Преподаватель сначала был несколько ошарашен нашим предложением, Но, подумав, согласился – при условии, что мы не будем об этом распространяться.
Пожалеть никому не пришлось. С таким энтузиазмом каждый из нас играл свою роль и с таким интересом мы все задавали друг другу уточняющие вопросы, что научный атеизм остался лишь условным обозначением нашей встречи.
Либерализм непромывания мозгов
Наш факультет вполне можно было назвать либеральным – по тогдашним меркам. Конечно, как и всюду, за делами присматривал партком. Как и всюду, преподавали идеологические дисциплины. Но математика раскрепощала мышление, и коммунистические идеологемы с их мнимыми доказательствами не могли здесь восприниматься всерьёз.
Партком, который во многих организационных вопросах считался главнее академического руководства, в годы моей учёбы был либеральнее, чем на других факультетах.
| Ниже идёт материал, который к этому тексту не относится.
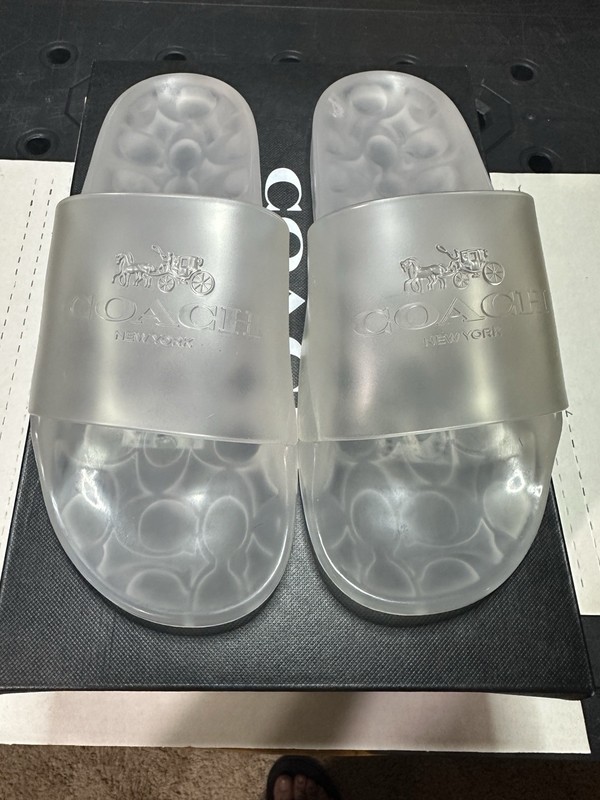 Coach Ulyssa Slide Womens Size 8 Clear New In Box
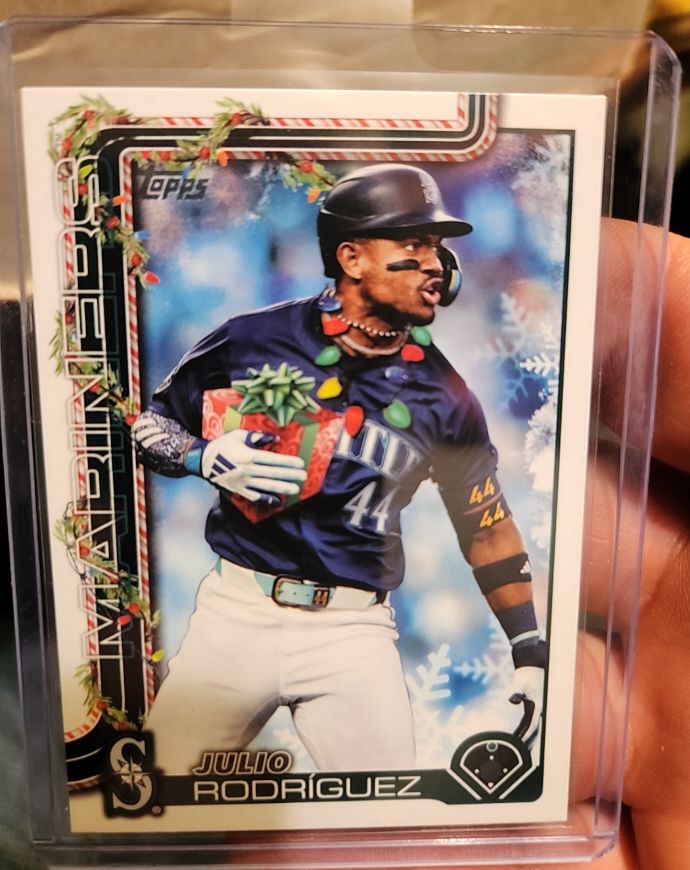 2025 Topps Holiday #H186 Julio Rodriguez — front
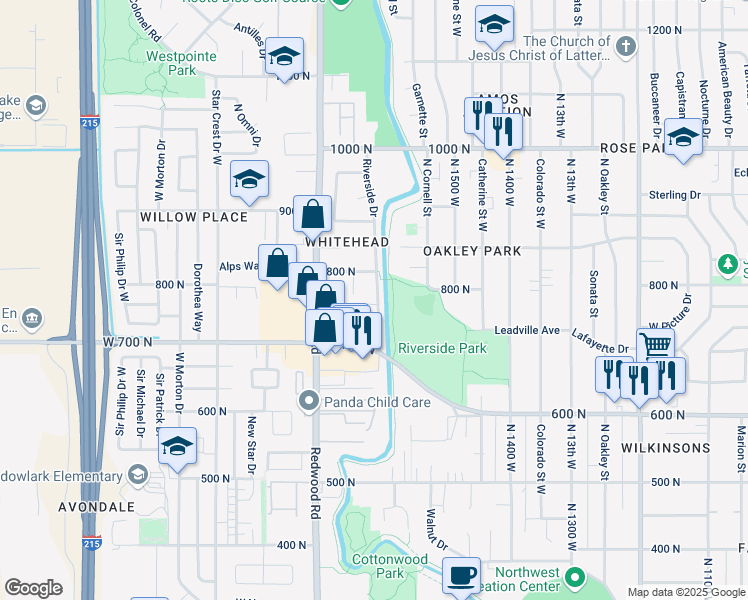 map of restaurants, bars, coffee shops, grocery stores, and more near 758 Irving Street in Salt Lake City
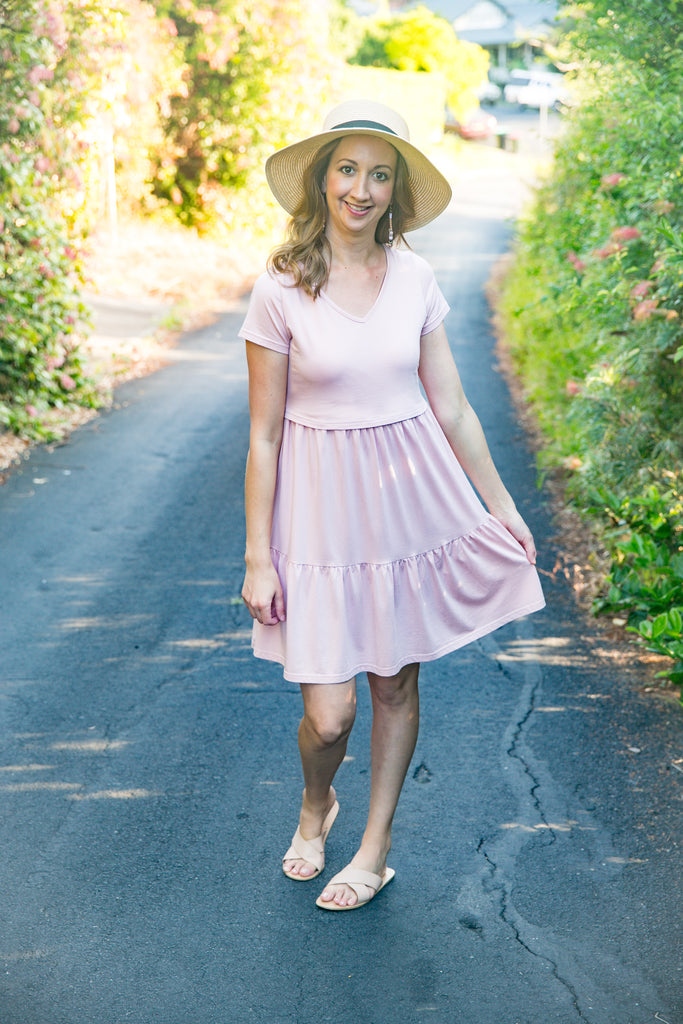 ARABELLA DRESS BLUSH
А комитет комсомола старался направить студенческую энергию в русло организации стройотрядов и на проведение культурных мероприятий на грани допустимого.
Неизбежно приходилось принимать некоторые декоративные правила идеологических игр, но у преподавателей не было никакого желания участвовать в обычном совковом промывании мозгов подрастающему поколению.
Вот за это непромывание мозгов в годы нарастающих заморозков после хрущёвской оттепели я благодарен своей альма мехматер. Никто не хотел специально нарываться на неприятности, но не было и рвения культивировать советские догмы. (Нет ничего постоянного, и я ощутил разницу, когда под самый конец моего пребывания на мехмате у нас сменился партком.)
Даже этот нейтральный пассивный либерализм имел своё весомое значение. Он позволял студентам развиваться свободнее, разнообразнее, живее.
Всё-таки я не зря радовался, что попал на мехмат!
Впрочем, либеральная атмосфера на факультете существовала не сама по себе, как всеобщий идеологический нейтралитет, а была итоговым результатом взаимодействия разных сил, иногда активно противоборствующих. Были и математики, подписывавшие письма протеста, и свои упёртые партийные догматики. Но мало кто из студентов был вовлечён в эти подспудные течения, и о многом я узнал лишь спустя годы и десятилетия.
ЗМШ
Четыре года я проработал в заочной математической школе (ЗМШ). Это созданная при мехмате система поиска и поддержки школьников с математическими способностями по всей стране. Любой школьник мог записаться в ЗМШ, получать оттуда тематические пособия и прочие вспомогательные материалы, посылать свои решения задач, которые ему возвращали с замечаниями и советами. На общественных началах (денег не платили, привилегий не было) просматривали работы мехматяне, среди которых был и я.
Впрочем, некоторые привилегии были. Главная – общение с интересными ребятами-змшатами, которые даже в тетрадях с заданиями, в своих вопросах и комментариях проявляли ум и характер. Ещё я пару раз ездил от ЗМШ в командировки.
Один раз – по Владимирской области. Был во Владимире, Суздале, Вязниках, Мстёре. Общался со школьниками и учителями-энтузиастами, рассказывал про ЗМШ. Суздаль и Мстёра понравились особенно.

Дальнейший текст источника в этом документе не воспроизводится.